WHAT YOU NEED TO DO: Your copy should start at the line with "Casaphoria Metal Privacy" and end at the line with "Magnetische Handgelenkstütze Weiß 1 Stück" in the data below. Transcribe only those lines, exactly, pictures excluded.

THE DATA:
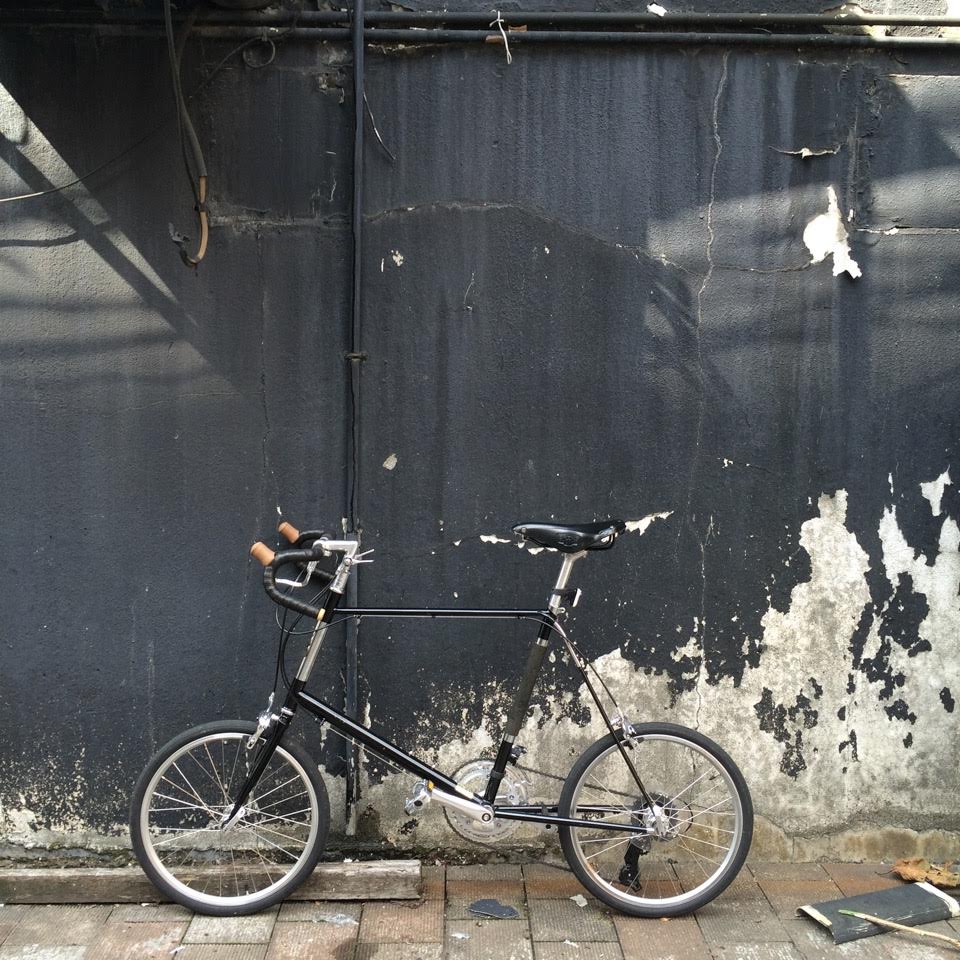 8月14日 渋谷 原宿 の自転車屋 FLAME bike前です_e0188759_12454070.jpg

---

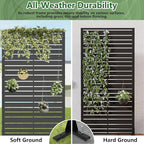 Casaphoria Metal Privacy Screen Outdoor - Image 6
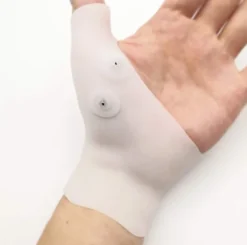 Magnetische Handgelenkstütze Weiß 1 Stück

* * *

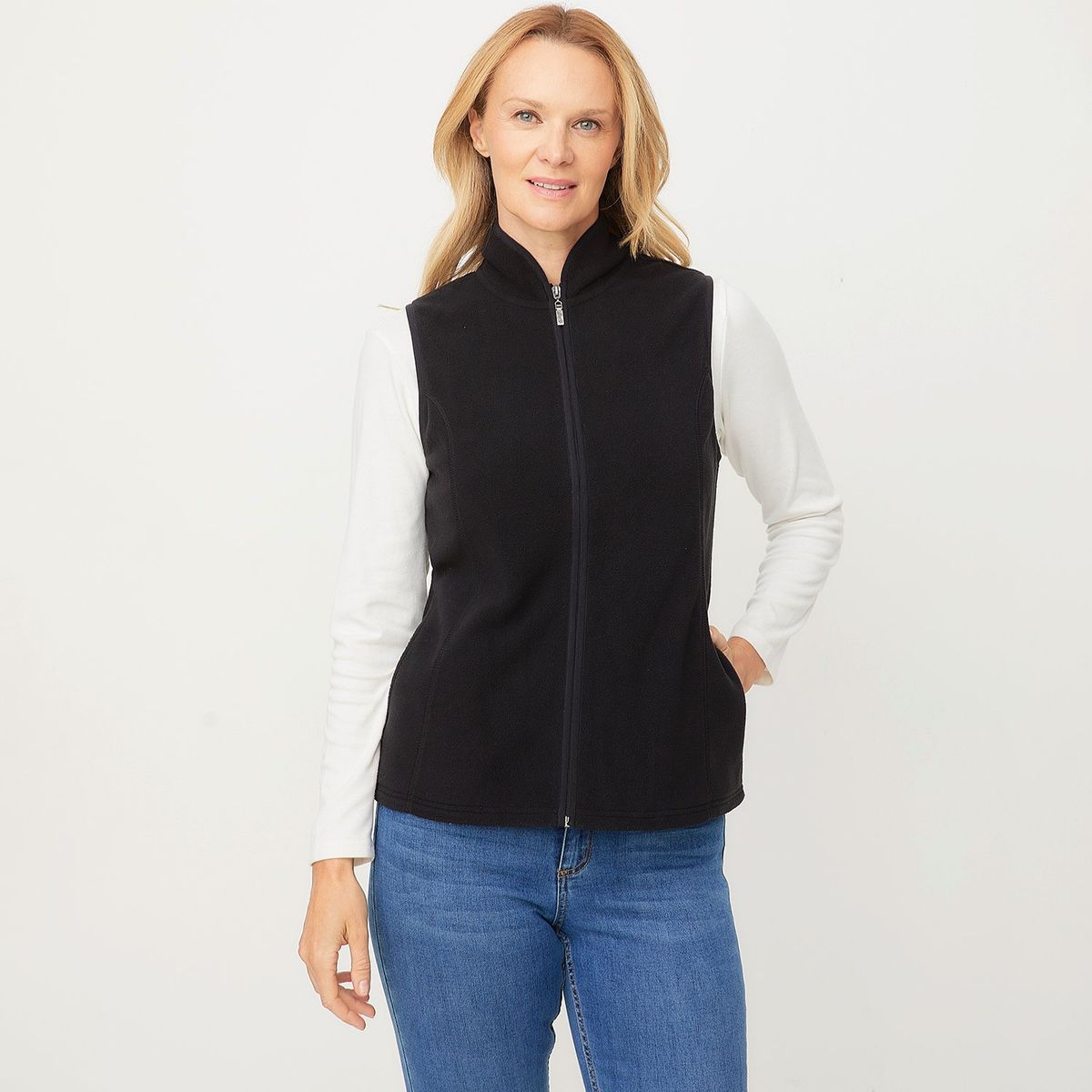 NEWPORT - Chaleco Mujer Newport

SOLUTION TO THE PROBLEM:
 Casaphoria Metal Privacy Screen Outdoor - Image 6
 Magnetische Handgelenkstütze Weiß 1 Stück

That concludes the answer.